Data =
+++

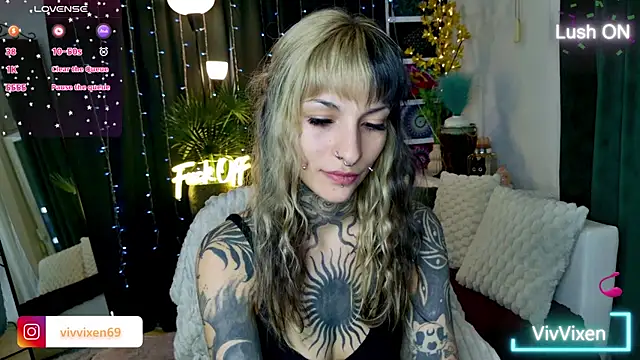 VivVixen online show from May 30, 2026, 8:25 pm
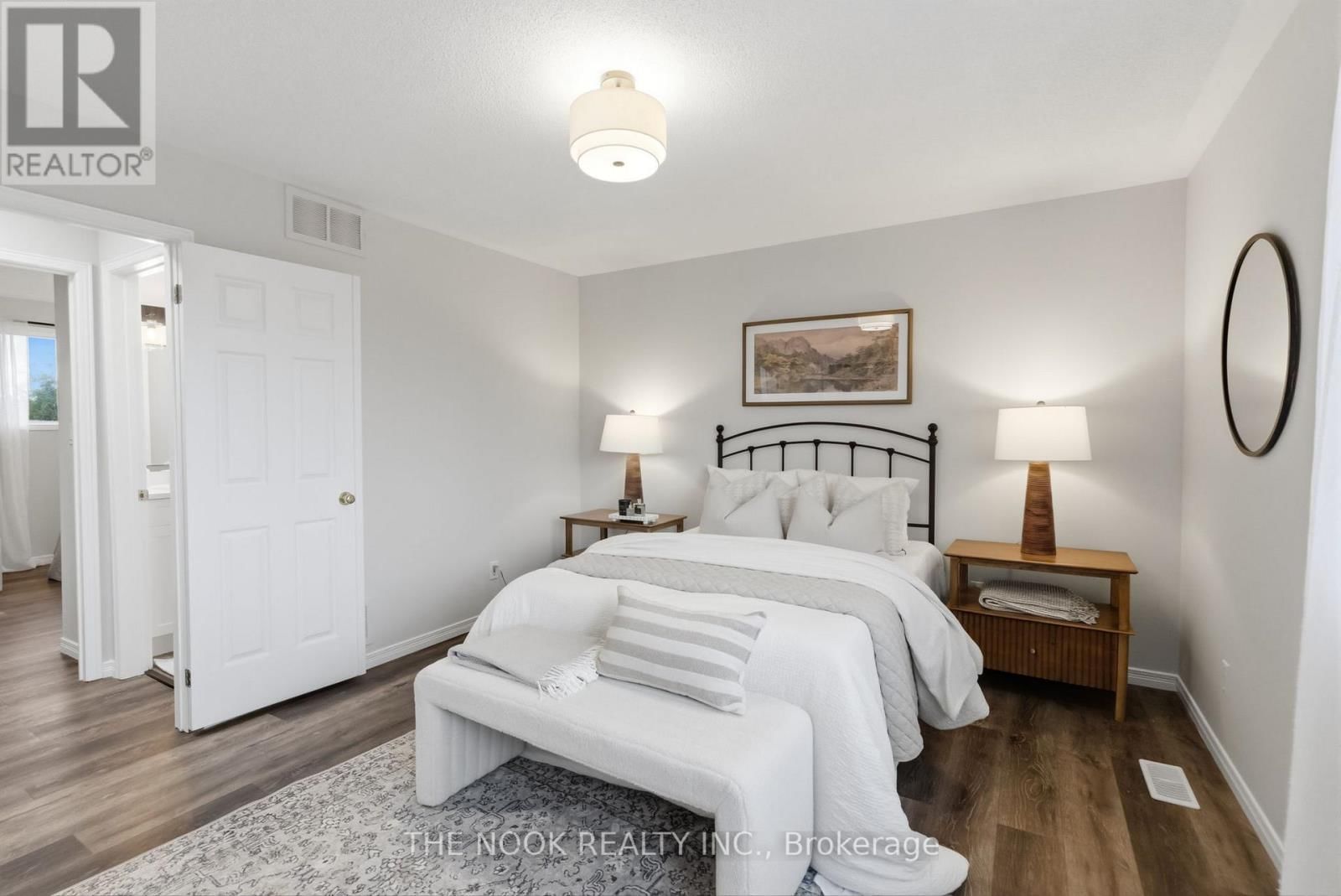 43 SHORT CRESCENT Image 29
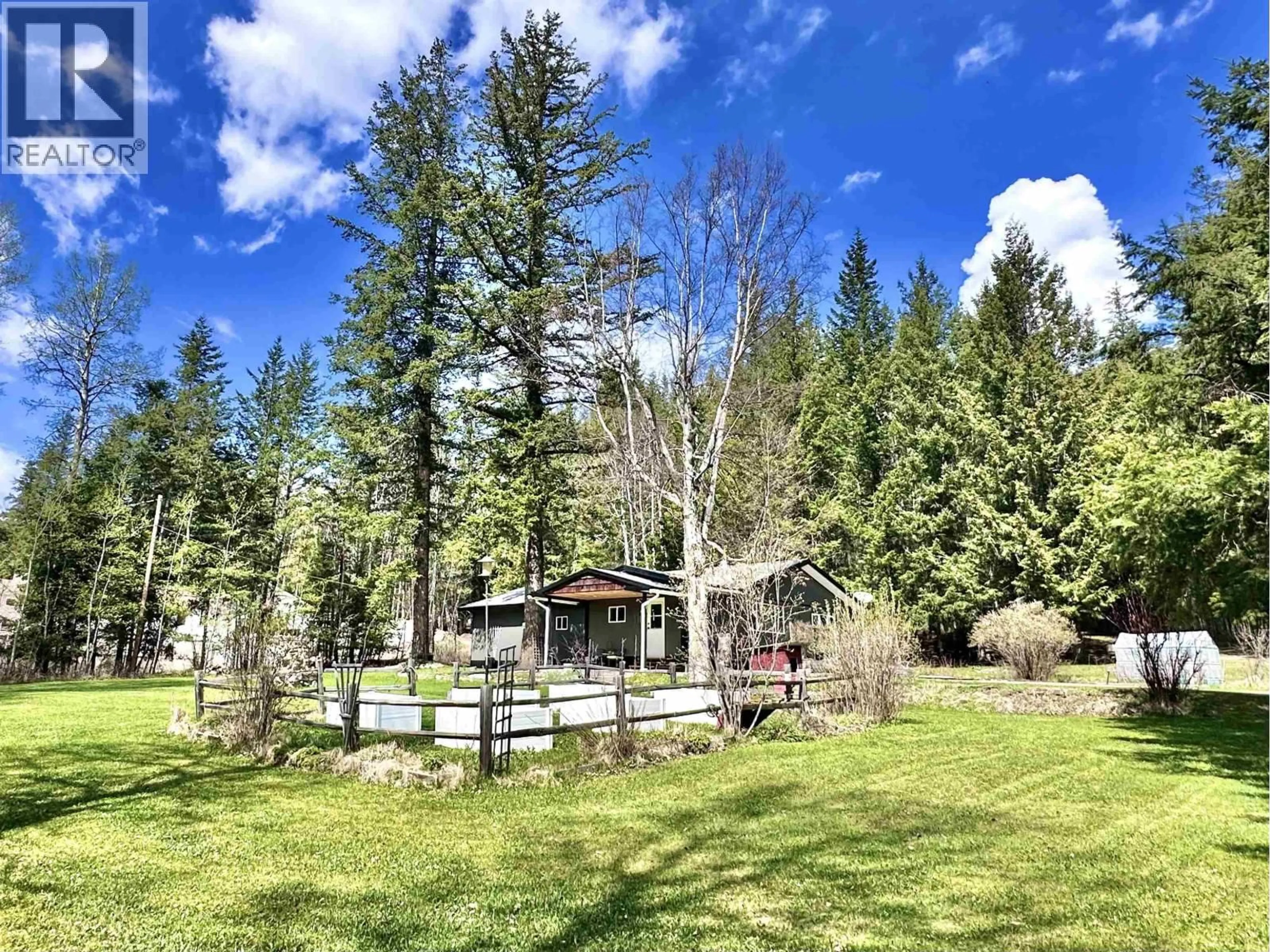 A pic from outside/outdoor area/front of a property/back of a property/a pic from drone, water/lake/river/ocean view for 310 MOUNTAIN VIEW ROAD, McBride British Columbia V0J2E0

+++

What to work on = Reproduce the material word for word. Any pictures should be left out of the copy.

Written solution =
 VivVixen online show from May 30, 2026, 8:25 pm
 43 SHORT CRESCENT Image 29
 A pic from outside/outdoor area/front of a property/back of a property/a pic from drone, water/lake/river/ocean view for 310 MOUNTAIN VIEW ROAD, McBride British Columbia V0J2E0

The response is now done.